Repeat after me; "All energy is fungible." Is there any discussion on this point? Every joule that comes from nuclear or solar or gains in efficiency or deep sea hydrates or room temperature superconduction or regenerative interial recovery is a joule less of whatever is the most expensive energy alternative. When we stop using oil and natgas for super inefficient electric point source generation those geopetrol commodities are freed up to provide transportation fuels. Sempra Energy has a standby natgas powered peak load generator about 30km from my home. It only comes on line durring peak demand periods which in Southern California are also the brightest sunny summer days when my 50m^2 rooftop cells would be most useful.

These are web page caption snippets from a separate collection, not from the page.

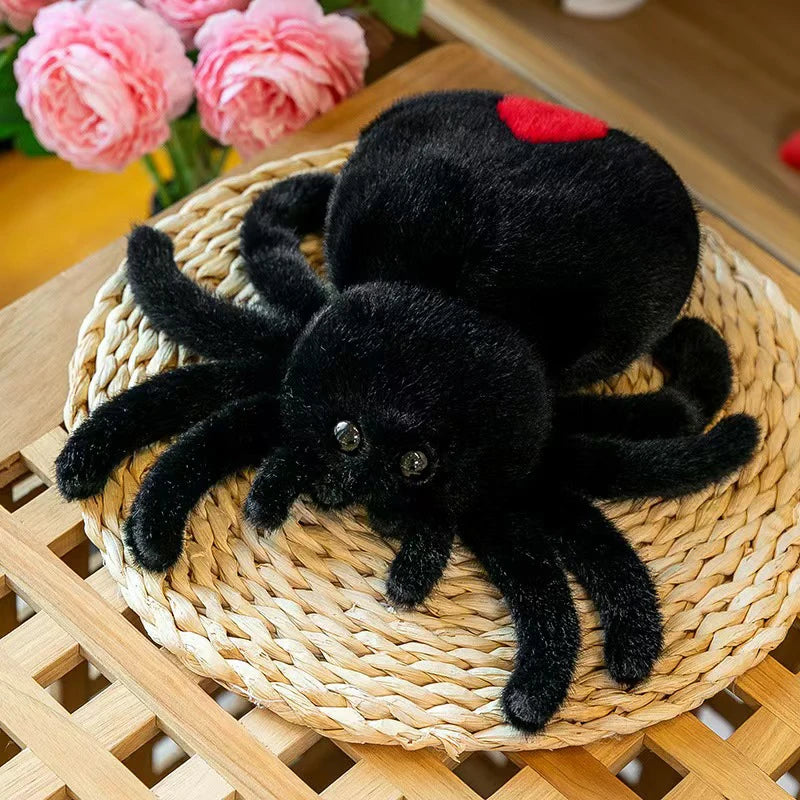 ▶1PCS Cute 25cm Plush Toy Plush Reptile Simulation Spider Hallows' Day Crawling Pet Doll Zpaxo black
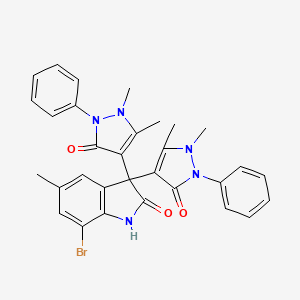 molecular formula C31H28BrN5O3 B5197568 7-bromo-3,3-bis(1,5-dimethyl-3-oxo-2-phenyl-2,3-dihydro-1H-pyrazol-4-yl)-5-methyl-1,3-dihydro-2H-indol-2-one 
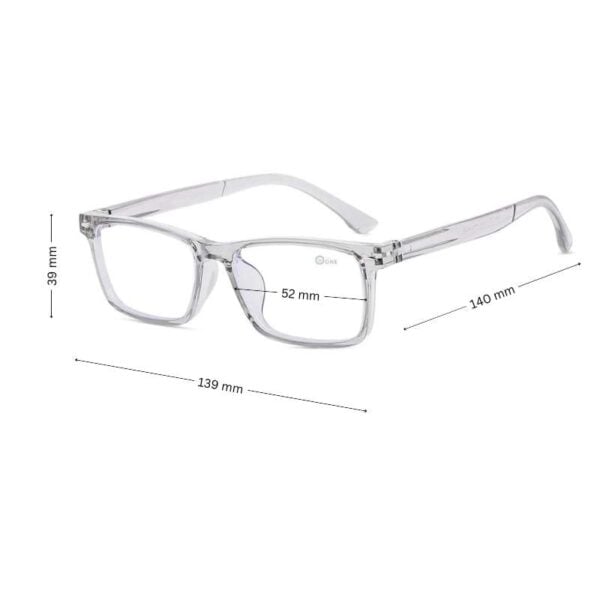 Men's Rectangle Transparent Gray Eyeglasses - Image 2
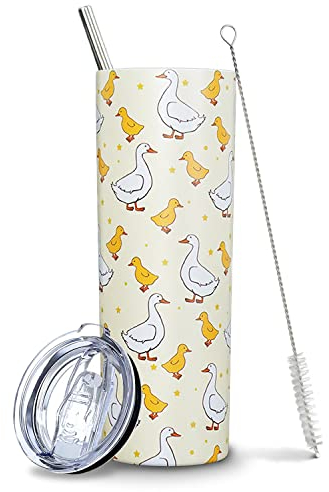 Duck Tumbler, niedlicher Skinny Tumbler mit Strohhalm und Deckel – gelbe Ente Geschenke für Frauen, Kawaii Ente Dinge/Stuff/Dekor, doppelwandiger isolierter Becher 590 ml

That's why I commented that it would be in the local electric companies' best interests to subsidize my solar array. Like I said, fungible. See Dilbert:
http://tinyurl.com/b7vug
I think people miss the point of my tedious repetions of the timeworn examples of Maltus, Erlich, Club of Rome Hubbert, et al. Point being; THEY'VE ALWAYS BEEN WRONG. And every time it was because of events/circumstances they never envisioned. Given 3 centuries of uniformly unbroken failure of the limits crowd it is a suckers bet to think they finally got this one right. My personal bets for their "I never thought of that" excuses are RTSC, amorphous solar, monopoles and Fullerenes. Physics has no limits. I met Buckminster Fuller once, second or third smartest man I've ever met. They just don't operate on the same plane as we mere mortals. I've no doubt that were he around to comment on global warming he'd recommend patience.
Platinum or Palladium? I expect if we run short we'll whip up a few geneticaly modified blue-green algae to extract what we need from seawater. Problem is I don't think we have enough expertise to target valuable materials and there will most likely also be collected tons of junk metals like Gold and Wolfram.